Steuerfahndung Boris Becker muss offenbar weiter zittern

Dem vorbestrafte Tennisstar Boris Becker droht offenbar ein weiterer Steuerprozess. Diesmal soll es um rund drei Millionen Euro gehen.

München - Das jetzt vergangene Woche gefällte Bewährungsurteil gegen Becker wird die Staatsanwaltschaft München I nicht anfechten. Man werde beim Bundesgerichtshof nicht in die Revision gehen, teilte ein Sprecher der Behörde am Montag ohne Angabe von Gründen mit.
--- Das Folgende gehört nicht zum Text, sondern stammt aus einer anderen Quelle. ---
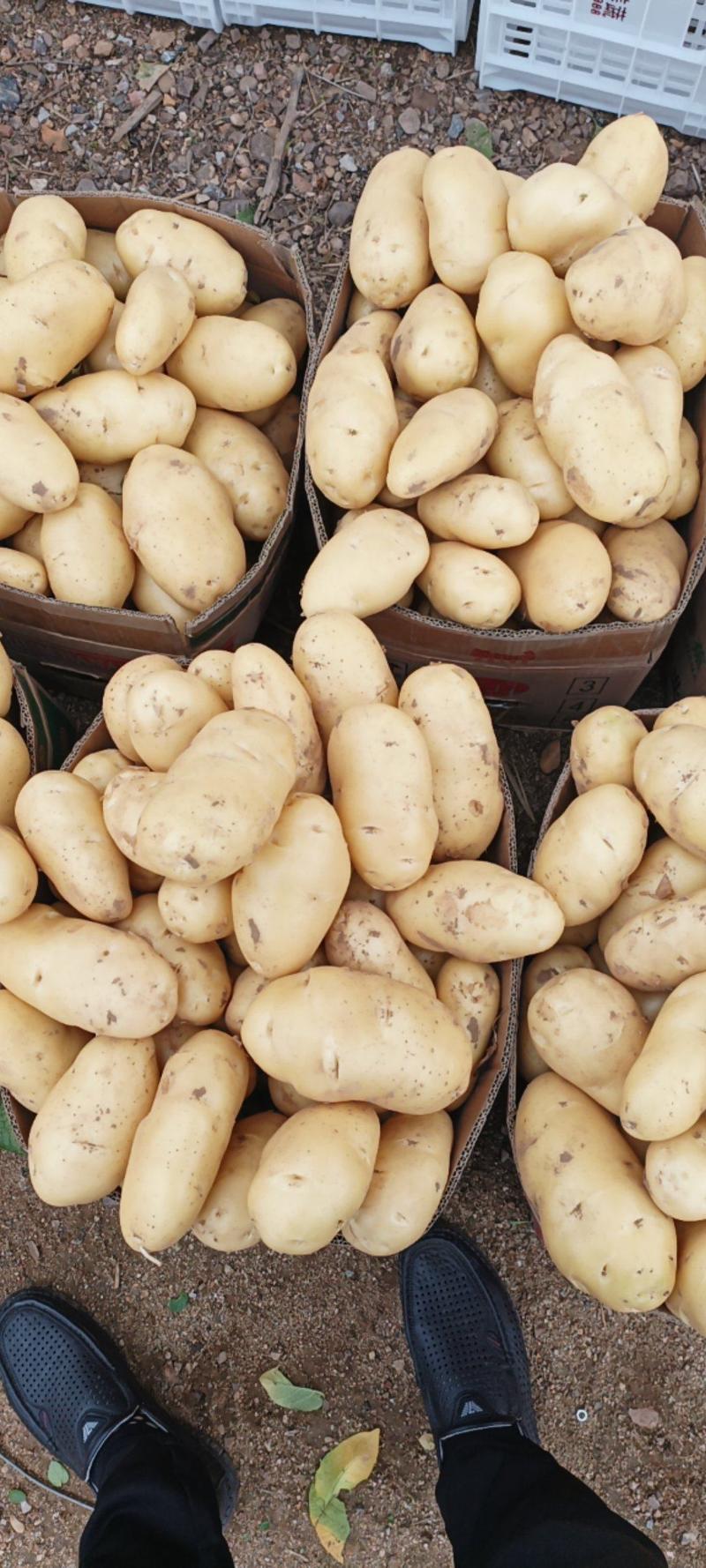 山东郯城土豆大量有货，质量很好价格不高，欢迎实地考察采购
Nach Informationen von "Focus" bleibt die Münchner Steuerfahndung Becker auch nach dessen Verurteilung auf den Fersen. Nach Angaben des Blattes fordert der Staat von Becker knapp drei Millionen Euro an Steuern für die Jahre 1985 bis 1991 wegen angeblicher Scheinverträge zwischen den Firmen seines damaligen Managers Ion Tiriac und Boris Becker.

Beckers Anwälte haben dem Bericht zufolge Einspruch gegen entsprechende Steuerbescheide eingelegt. Die Steuerfahndung habe bestätigt: "Wir sehen uns weiteren Streitigkeiten gegenüber". Ein komplizierter Finanzprozess stehe bevor. Strafrechtlich sei das Thema für den Wimbledon-Sieger erledigt, steuerrechtlich aber nicht, so der Bericht.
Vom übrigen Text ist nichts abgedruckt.